*** Opening ENTRIES SUPPLIED ***

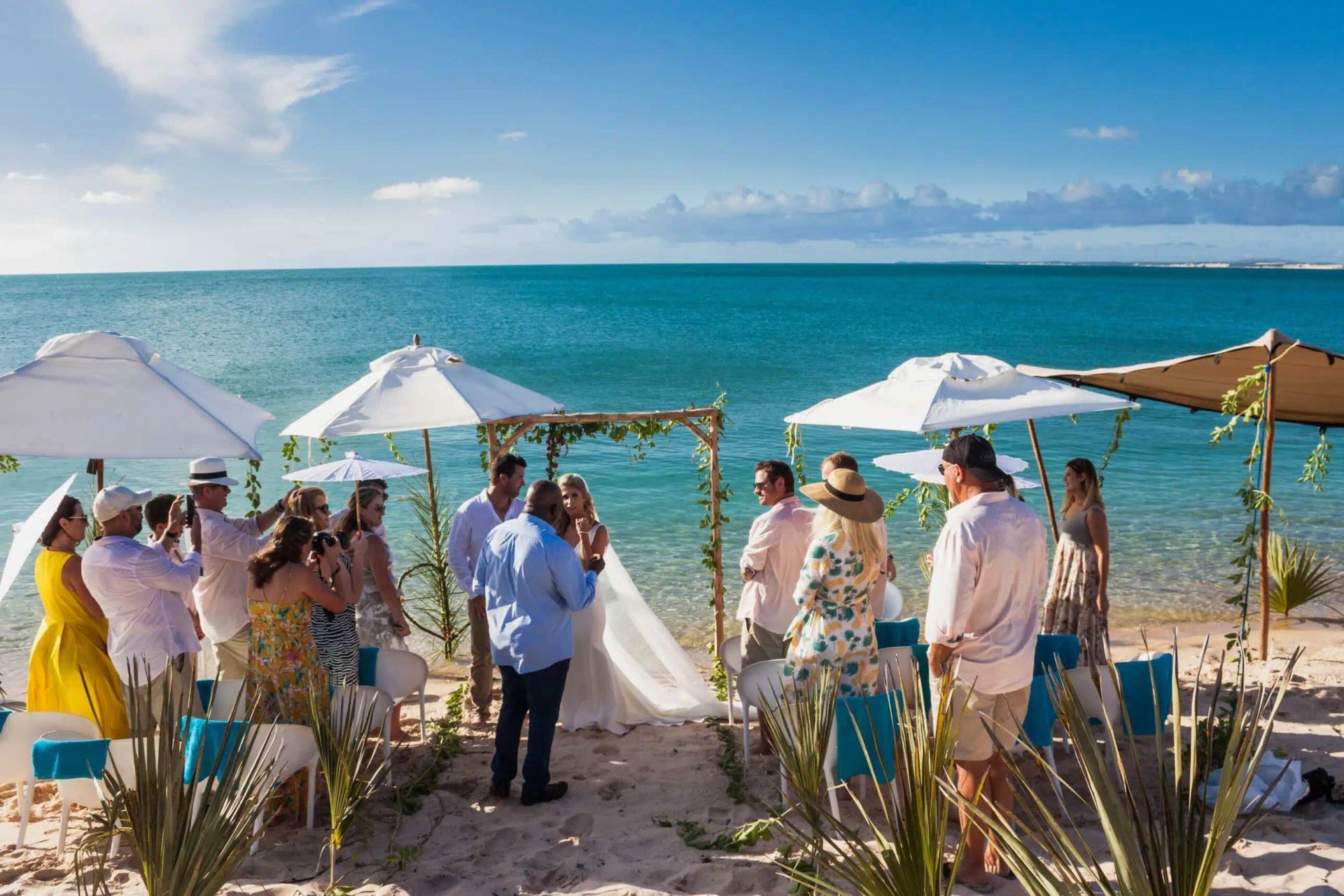 Beach wedding ceremony under white umbrellas beside turquoise ocean and sandy shore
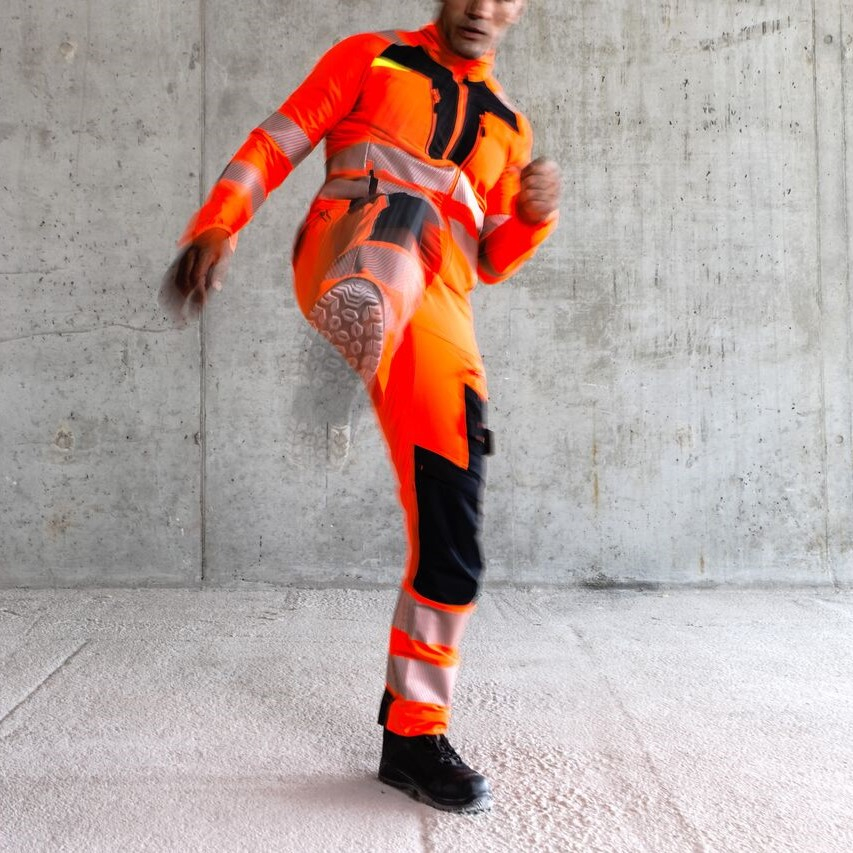 Trabalhador com roupa de prote&ccedil;&atilde;o laranja levanta uma perna num movimento de pontap&eacute;.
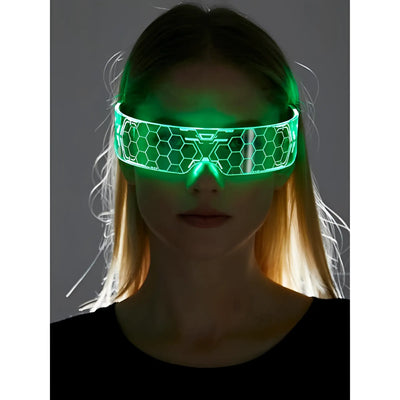 Blond woman wears glowing green hexagonal visor glasses against a gray background.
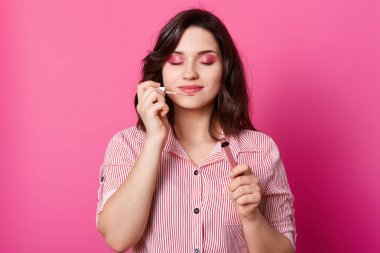 Güzel esmer kadın tutan ve kokulu tatlı dudaklar parlak portresi kadar yakın, kapalı gözleri ve parlak makyaj ile poz, bluz giyen, gül stüdyo duvarına karşı ayakta. Güzellik konsepti.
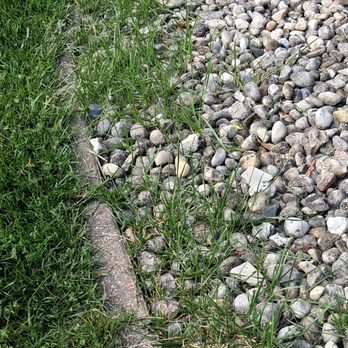 JNE LawnCare - Rock beds not being attended to - Landscaping Near Me JNE LawnCare - Rock beds not being attended to - Landscaping Near Me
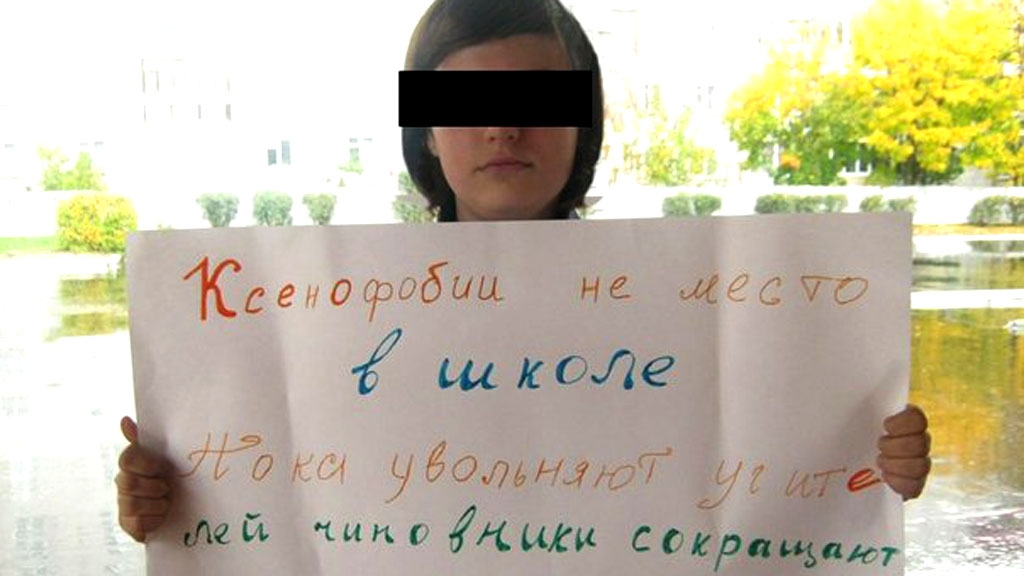 Maria Novikova holds a banner which says 'There is not place for xenophobia in schools. While teachers are sacked, bureaucrats cut the budgets'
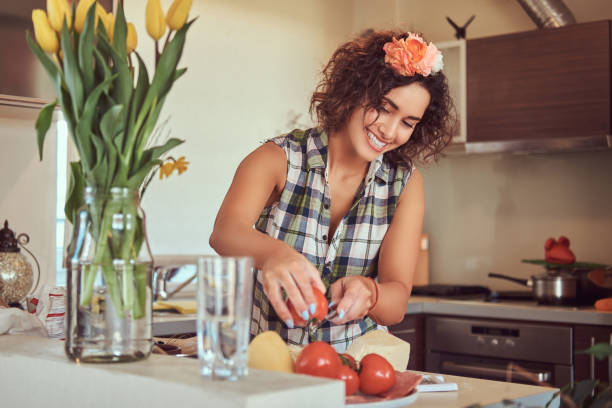 urocza kręcona latynoska dziewczyna gotuje w swojej kuchni. - stereotypical housewife women domestic kitchen brown hair zdjęcia i obrazy z banku zdjęć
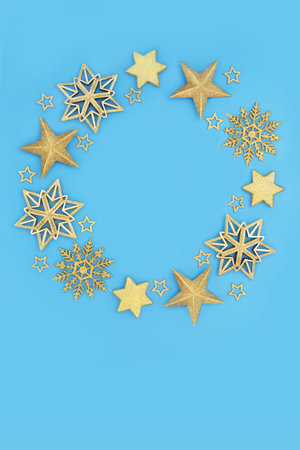 Festive Christmas wreath gold star snowflake bauble decoration on blue background. Holiday season...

*** Closing ENTRIES SUPPLIED ***

__TASK ITEM__:
Please repeat exactly the data above from its first line to the line that contains "Maria Novikova holds", inclusive, and leave every picture out.

__RESPONSE TO THE EXERCISE__:
 Beach wedding ceremony under white umbrellas beside turquoise ocean and sandy shore
 Trabalhador com roupa de prote&ccedil;&atilde;o laranja levanta uma perna num movimento de pontap&eacute;.
 Blond woman wears glowing green hexagonal visor glasses against a gray background.
 Güzel esmer kadın tutan ve kokulu tatlı dudaklar parlak portresi kadar yakın, kapalı gözleri ve parlak makyaj ile poz, bluz giyen, gül stüdyo duvarına karşı ayakta. Güzellik konsepti.
 JNE LawnCare - Rock beds not being attended to - Landscaping Near Me JNE LawnCare - Rock beds not being attended to - Landscaping Near Me
 Maria Novikova holds a banner which says 'There is not place for xenophobia in schools. While teachers are sacked, bureaucrats cut the budgets'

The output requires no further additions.